The following highlights activities in three cities currently considering local flavor bans.

Phoenix

A Phoenix councilmember expressed interest in several media reports for a full tobacco product flavor ban, including menthol cigarettes, mint and wintergreen smokeless tobacco products, flavored cigars, flavored pipe tobacco and flavored electronic cigarettes. There is no draft ordinance circulating, so a coalition of retailers and retail associations have been educating councilmembers on the facts of tobacco product use and retailer impacts of bans. On Oct. 14, the city council’s subcommittee on public safety and justice, chaired by the same councilmember, held a virtual hearing including a discussion of e-cigarettes and vaping. NATO’s President Bob Roberts and I testified in opposition to any flavored product ban. No action was taken at that hearing, but the subject may come up later.

Kansas City, Mo.

On Oct. 29, the city council for Kansas City considered a flavored tobacco product ban. This item came to tobacco retailers’ attention at the last minute, although proponents of the ban had been working behind the scenes for up to a year without any input from retailers. NATO, other organizations and local retailers provided councilmembers the other side of the story.
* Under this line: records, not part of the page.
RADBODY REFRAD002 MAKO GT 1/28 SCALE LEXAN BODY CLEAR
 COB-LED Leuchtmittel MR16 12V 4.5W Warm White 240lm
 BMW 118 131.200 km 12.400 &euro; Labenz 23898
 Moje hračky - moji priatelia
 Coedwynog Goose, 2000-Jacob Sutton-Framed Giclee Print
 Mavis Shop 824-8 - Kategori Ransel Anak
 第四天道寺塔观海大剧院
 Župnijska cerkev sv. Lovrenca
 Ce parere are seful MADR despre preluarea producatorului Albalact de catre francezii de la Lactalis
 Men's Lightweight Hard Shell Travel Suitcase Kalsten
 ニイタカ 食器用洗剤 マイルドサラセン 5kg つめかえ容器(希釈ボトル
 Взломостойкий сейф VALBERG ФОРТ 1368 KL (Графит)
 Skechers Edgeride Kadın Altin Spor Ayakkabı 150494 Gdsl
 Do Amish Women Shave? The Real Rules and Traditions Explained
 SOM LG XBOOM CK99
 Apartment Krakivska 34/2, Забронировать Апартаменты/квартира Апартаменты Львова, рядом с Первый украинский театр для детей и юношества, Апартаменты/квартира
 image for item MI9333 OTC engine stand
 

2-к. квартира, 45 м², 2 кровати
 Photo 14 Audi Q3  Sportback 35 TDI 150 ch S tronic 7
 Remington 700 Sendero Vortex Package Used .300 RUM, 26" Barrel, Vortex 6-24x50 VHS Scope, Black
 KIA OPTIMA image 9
At this time, the ordinance has not become final, and a Kansas City Task Force may be formed to study the issue, including proponents of the flavor ban, consumers and retailers, so the city council is fully informed before it decides.

Missoula, Mont.

On Oct. 5, the Missoula City Council considered a ban on all flavored tobacco products. Many retailers and groups have become engaged in opposing this effort on policy grounds and NATO has brought to the attention of the Missoula City Council and City Attorney that Montana law pre-empts the city from adopting a ban. As a result of those efforts, the councilmembers now appear to be going forward with an amended ban only on flavored vapor products in a hearing late in November.

These examples illustrate the importance of local retailer involvement on flavor bans and tobacco regulation more generally. Educating policymakers is critical, providing the information needed for them to reconsider an ordinance or mitigate its impact by making reasonable changes that consider all the facts.